### Task objective:
Exact wording is required: give all the records again, minus the pictures.

### Listed records:

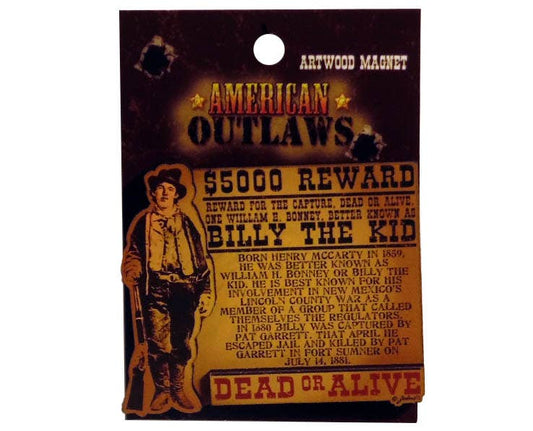 American Outlaw West Magnet Billy The Kid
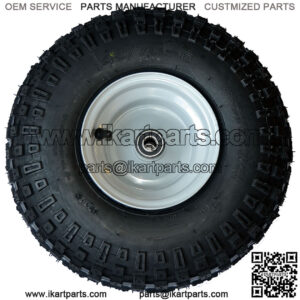 145x70-6 Floater Wheel Assembly Complete with 5/8" sealed bearings (Knobby)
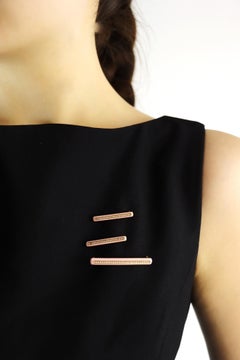 Vintage Tiffany & Co. 14K Gold Pink Enamel Pearl Brooch Set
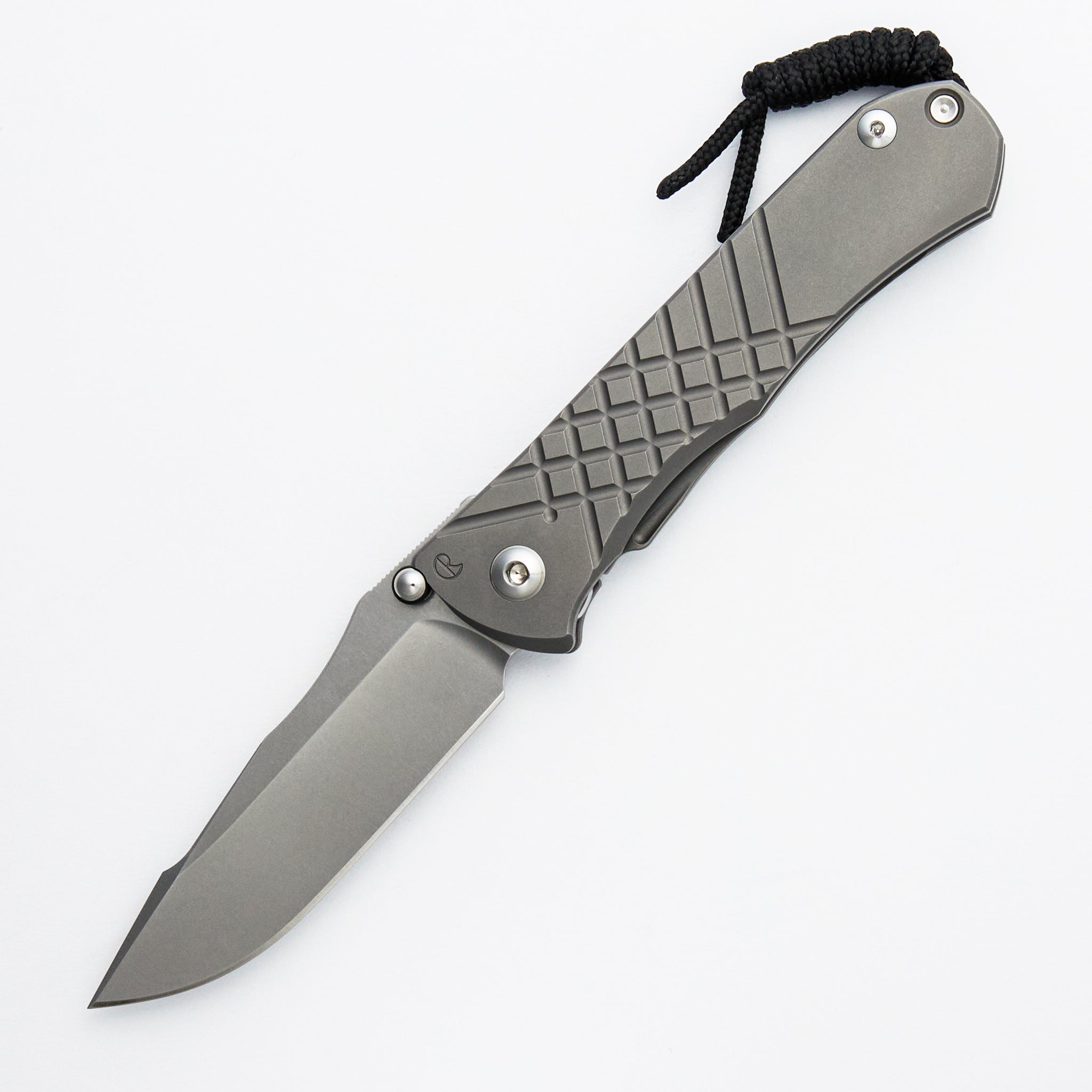 Umnumzaan - Drop Point CPM MagnaCut Blade - Glass Blasted - Titanium Handle
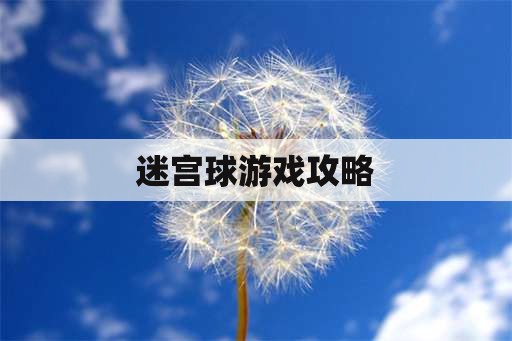 迷宫球游戏攻略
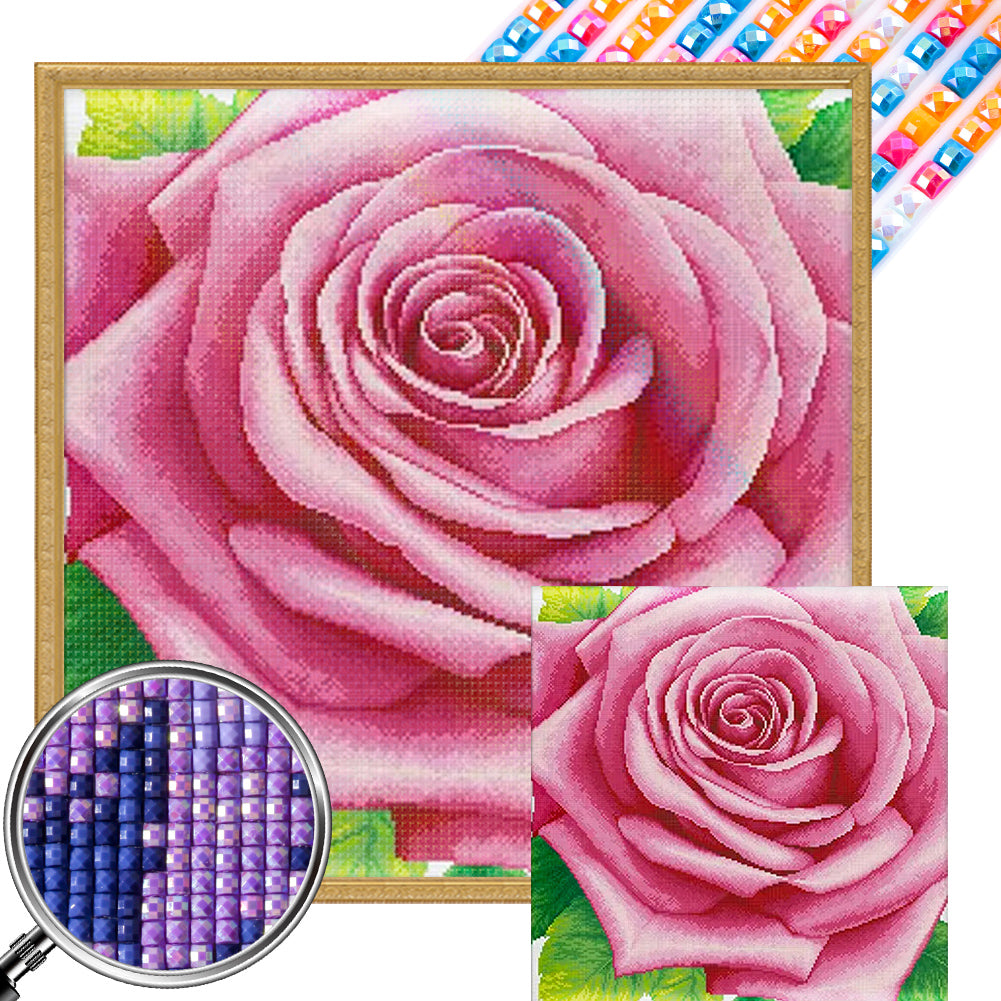 AB Diamond Painting - Full Square - Blooming roses (45*45CM)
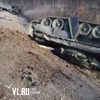 Танк Т-72 перевернулся во время транспортировки техники в районе Бикина (ВИДЕО)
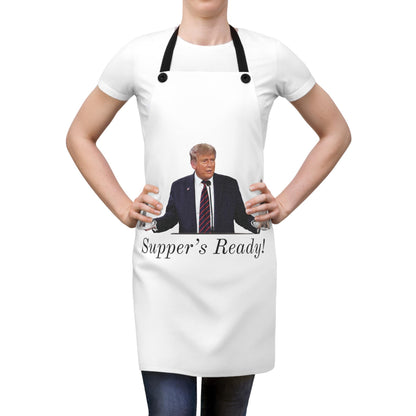 Trump-Themed Apron: "They're Eating the Cats & Dogs" | Funny Springfield Quote | Unisex, One Size Kitchen Apron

### Result of the task:
 American Outlaw West Magnet Billy The Kid
 145x70-6 Floater Wheel Assembly Complete with 5/8" sealed bearings (Knobby)
 Vintage Tiffany & Co. 14K Gold Pink Enamel Pearl Brooch Set
 Umnumzaan - Drop Point CPM MagnaCut Blade - Glass Blasted - Titanium Handle
 迷宫球游戏攻略
 AB Diamond Painting - Full Square - Blooming roses (45*45CM)
 Танк Т-72 перевернулся во время транспортировки техники в районе Бикина (ВИДЕО)
 Trump-Themed Apron: "They're Eating the Cats & Dogs" | Funny Springfield Quote | Unisex, One Size Kitchen Apron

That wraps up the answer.